Le zoning, cette technique de configuration qui sert à isoler les communications au sein d’un SAN, permet d’aller très loin dans la sécurisation d’un espace stockage. Hélas, peu d’entreprises en profitent car, passé le seuil des paramétrages basiques, les notions paraissent si complexes qu’elles découragent nombre d’administrateurs.
En réalité, la seule difficulté tient dans la quantité d’options possibles pour définir ces zones : depuis les switches, mais aussi depuis les serveurs et depuis les baies. Cet article se propose d’en faire enfin l’inventaire pour que les administrateurs puissent concevoir dès le départ une configuration pérenne.

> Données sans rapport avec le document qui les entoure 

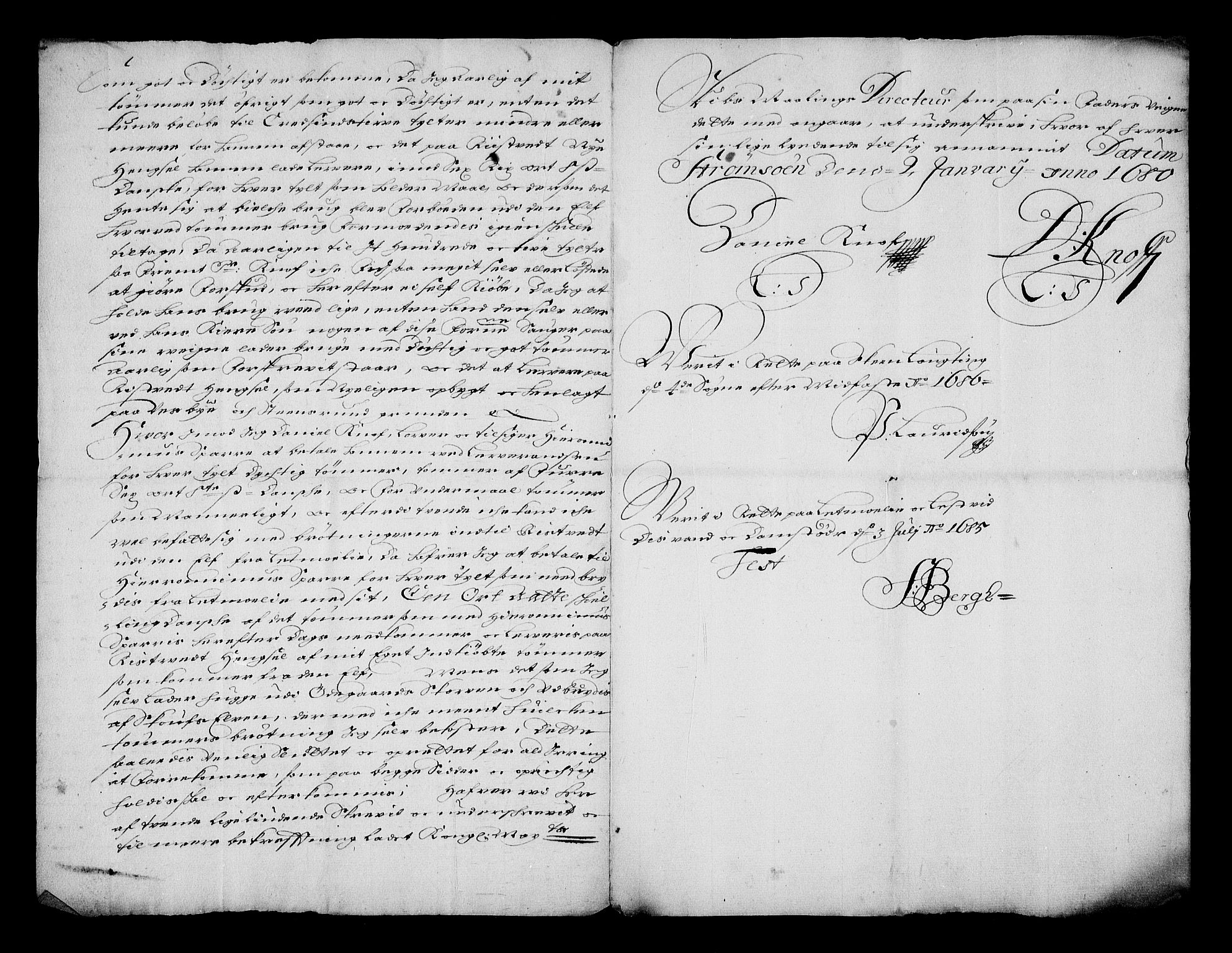 Stattholderembetet 1572-1771, RA/EA-2870/Af/L0002: Avskrifter av vedlegg til originale supplikker, nummerert i samsvar med supplikkbøkene, 1687-1689, p. 14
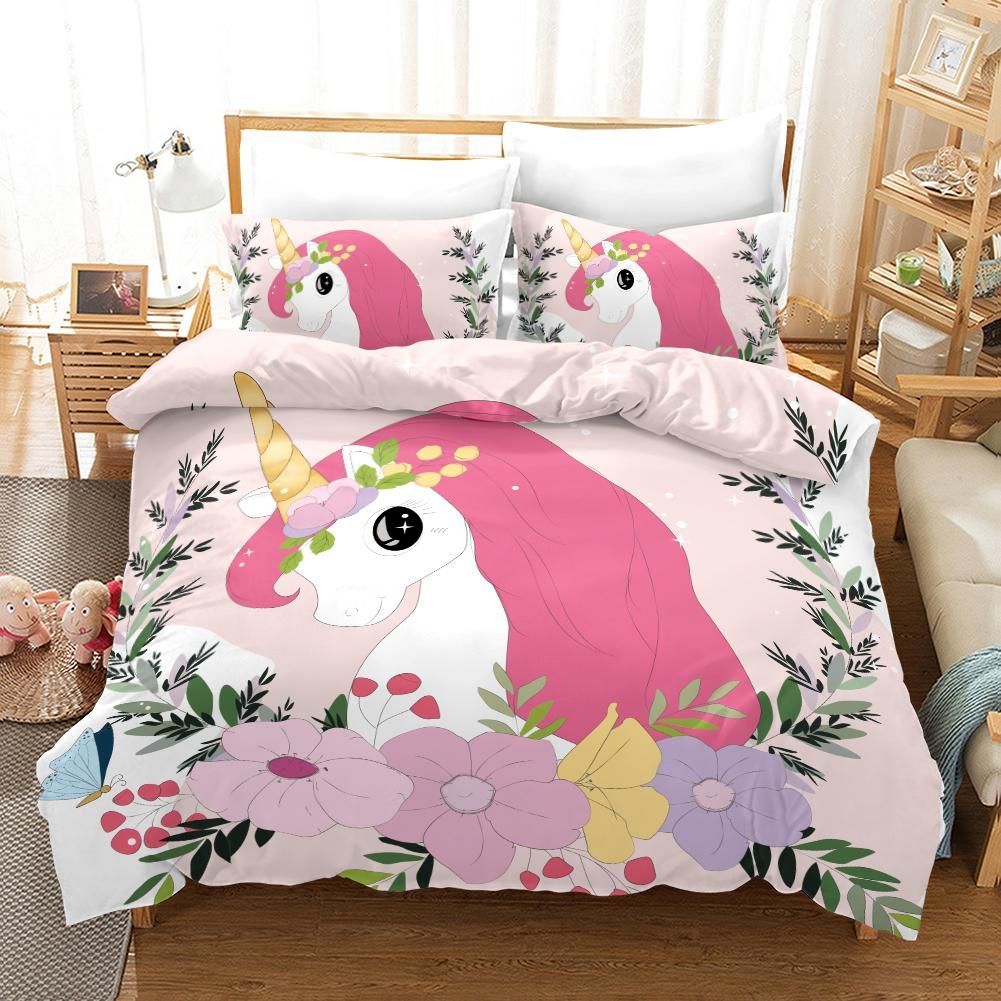Pink Unicorn Bedding Set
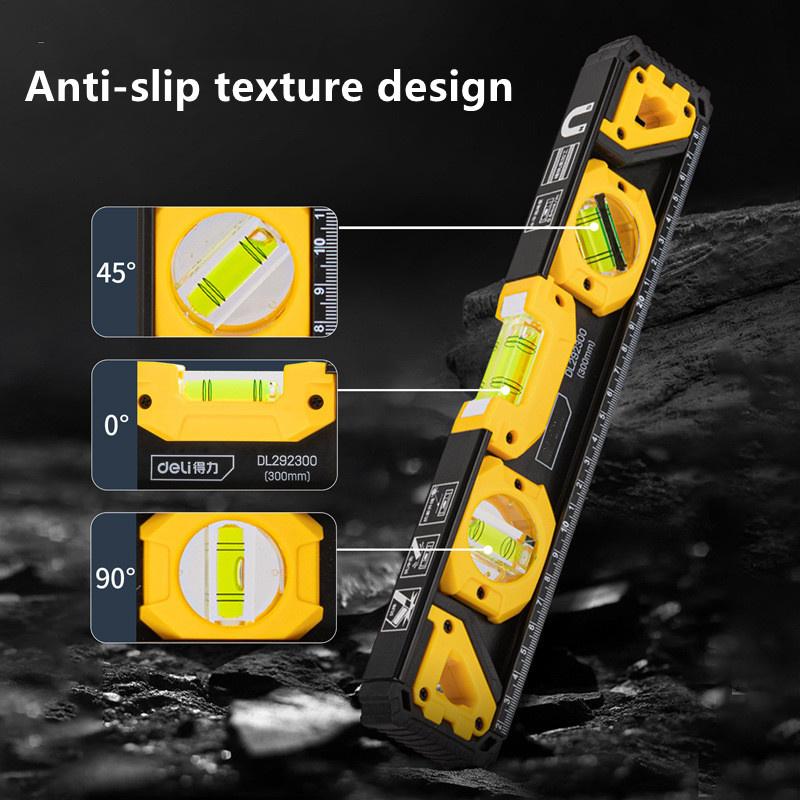 Magnetische Hochpräzisions-Wasserwaage Hochlagerlineal Hebelblasen-Wasserwaage für Heimwerker-Heimdekoration Messwerkzeuge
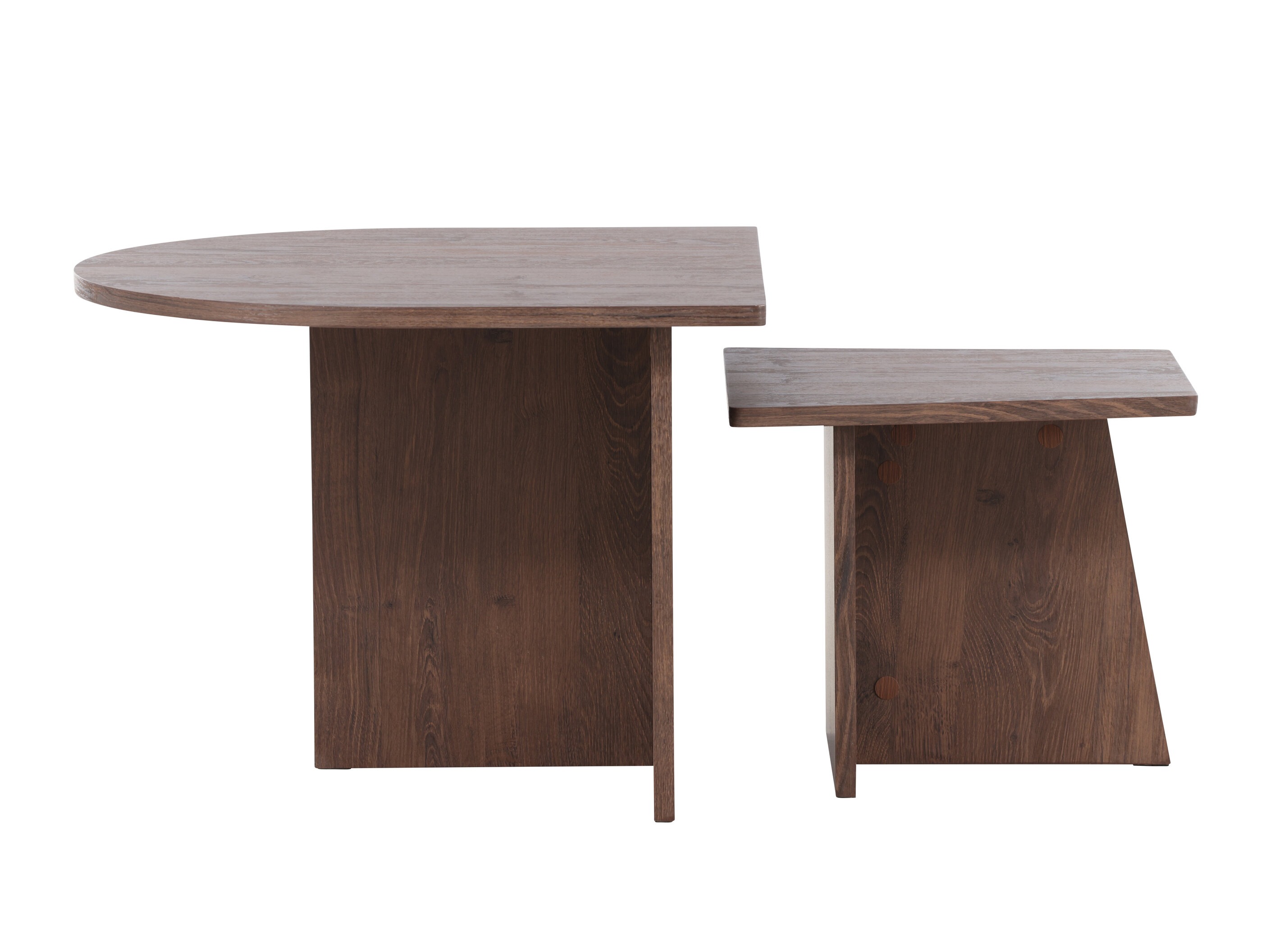 Conjunto de mesa de centro Dallas 4880 (Castanho escuro)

L’intérêt de configurer les zones au-delà d’un paramétrage basique
Précisons que bien configurer des zones ne bénéficie pas qu’à la sécurité. Cela facilite aussi grandement les tâches d’administration au quotidien : grâce aux zones, les responsables d’un SAN attribuent directement des capacités de stockage à des applications ou à des utilisateurs, ils créent automatiquement de l’étanchéité entre les groupes et ils évitent une bonne fois pour toutes qu’un processus sur un serveur cause des interférences (corruption, ralentissement...) sur le reste des systèmes.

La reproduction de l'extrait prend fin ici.